Maar het summum van gezondheid was toch wel het Malz-Extract ofwel ‘Gezondheidsbier’ van Johann Hoff uit Berlijn. In 1862 adverteerde Hoff voor het eerst in Nederland met zijn ‘gunstige werking’, en met een brief van ene J. Kuypers uit Epe die schreef dat haar zieke zuster ‘door het gebruik der 6 flesschen zich bereids eenigzinds beter’ voelde. Decennialang bleef Hoff op die manier adverteren: met brieven van dankbare genezen drinkers die dankzij het Gezondheidsbier weer op krachten waren gekomen. Van Prinses Ernestine zu Löwenstein-Wertheim-Freudenberg tot arbeider Teunis Klein uit Sliedrecht, allen waren ze ernstig dankbaar en verzochten ze om nog meer flessen. Sterker nog, de geneesheren en koninklijke lijfartsen buitelden over elkaar heen om het Gezondheidsbier aan te prijzen, zo leek het.
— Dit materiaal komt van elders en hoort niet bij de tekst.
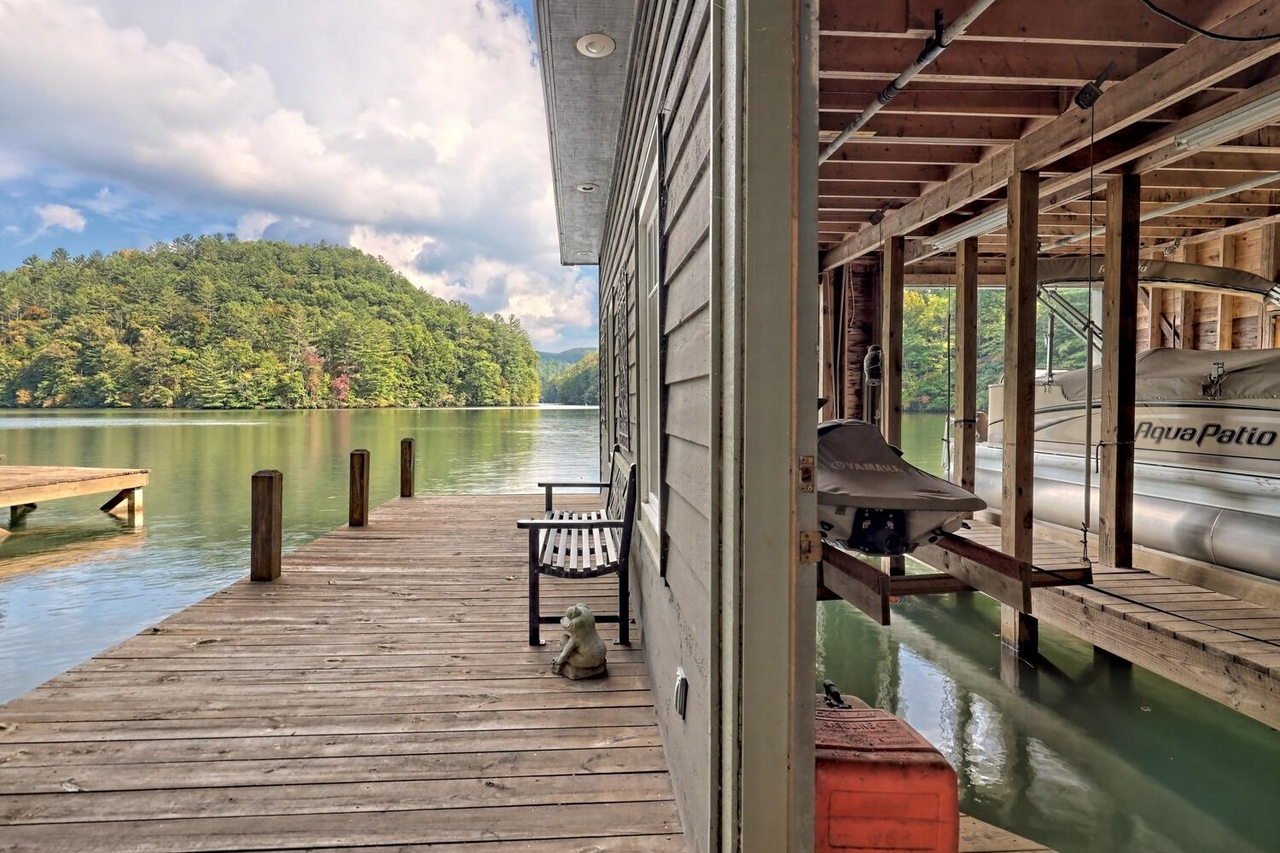 Clayton, Georgia 30525, United States, 3 Bedrooms Bedrooms, ,3 BathroomsBathrooms,Residential,Active,230512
Het waren dan ook de tijden dat de kranten vol stonden met advertenties van dubieuze wondermiddelen als ‘Rijnlandse druiven-borsthoning’, ‘Haarlemmer olie’ en ‘Zwitserse pillen’ waarvan de preciese werking altijd vaag werd gehouden. Het succes van Hoff werd in Nederland zelfs nagevolgd door ene E. van der Maaten in Elburg, die in 1866 zijn ‘Krachtbier’ op de markt bracht als ‘uitnemend medicijn… tegen alle ziekten of ziektenverschijnselen.’ Geen wonder dat de Vereniging tegen de Kwakzalverij, opgericht in 1881, er de handen vol aan had.
De hamvraag is natuurlijk: wat was dit gezondheidsbier nou voor een goedje? Uiteraard was het recept van het ‘Malz-extract’ een goed bewaard geheim. Maar al in 1862, het jaar dat het in Nederland op de markt kwam, deed het Duitse tijdschrift Pharmaceutische Centralhalle onderzoek naar het bier. De uitkomst? Het was een gewoon bruin bier, waarin de makers wat laxeermiddel(!), vuilboom- of wegedoornbast (als kleurstof) en waterklaver (als bittermiddel) hadden laten trekken. Het blad rekende voor dat de productiekosten op zo’n 9 cent kwamen, terwijl Hoff het voor het vijfvoudige verkocht.
Voor de liefhebbers die wel zin hebben in een potje Gezondheidsbier, hierbij het recept zoals Pharmaceutische Centralhalle het vaststelde: 6 delen bast van wegedoorn (ramnum frangula), 1 deel drieblad (klaver; trifolium fibrinum), 60 deel bruin bier, gedurende een dag laten trekken, en na afkoeling en filtratie met nog 300 delen bier vermengen. En proost maar weer! (Let op: de schrijver van dit stukje neemt geen verantwoordelijkheid voor het resultaat en de invloed ervan op de gezondheid van de lezer.)
Toevallig vanavond bij StiBON de les over bier en gezondheid. Mooie timing (en leuk stuk)
Zou het nou niet mooi zijn, als bier gewoon gezond was? In plaats van dat het je lever aantastte en je er katers van kreeg?
Uiteraard is (goed) bier gezond en bovenstaande is alleen van toepassing als er sprake is van drankmisbruik. Laten we daar niet van uitgaan; ieder teveel is niet goed.
De gewone drank in de Nederlanden, is het bier.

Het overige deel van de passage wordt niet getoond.